> [TASK TO COMPLETE]:
Using the listing below, please print exactly the lines from the one with "Photo of मानसून" through the one with "Emanuel Feuermann、Arthur Rubinstein、Jascha". Leave out every picture.

DATA EXTRACTS below:

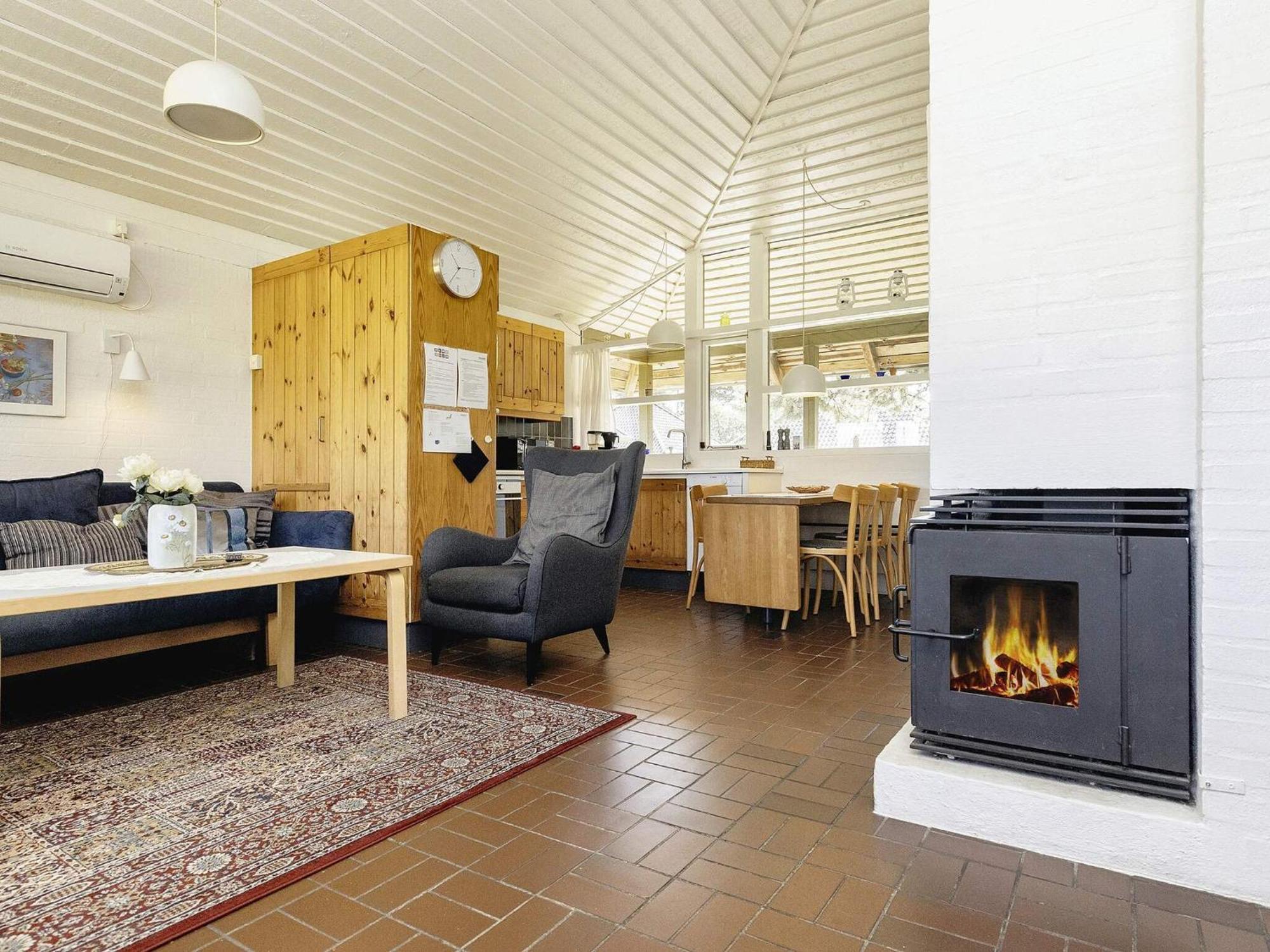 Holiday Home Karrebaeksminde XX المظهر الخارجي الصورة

End of DATA EXTRACTS.
DATA EXTRACTS below:

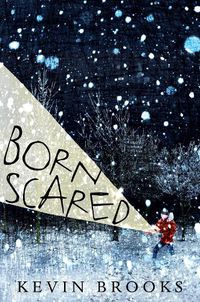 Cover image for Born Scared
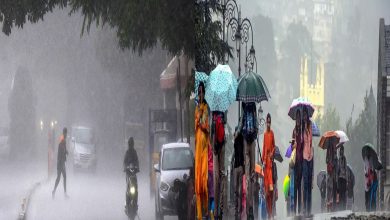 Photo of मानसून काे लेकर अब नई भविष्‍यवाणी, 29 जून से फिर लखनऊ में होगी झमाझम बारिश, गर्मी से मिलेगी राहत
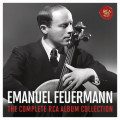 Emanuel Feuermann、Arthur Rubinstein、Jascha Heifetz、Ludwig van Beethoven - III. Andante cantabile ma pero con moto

End of DATA EXTRACTS.

> [RESULT FOR THIS TASK]:
 Photo of मानसून काे लेकर अब नई भविष्‍यवाणी, 29 जून से फिर लखनऊ में होगी झमाझम बारिश, गर्मी से मिलेगी राहत
 Emanuel Feuermann、Arthur Rubinstein、Jascha Heifetz、Ludwig van Beethoven - III. Andante cantabile ma pero con moto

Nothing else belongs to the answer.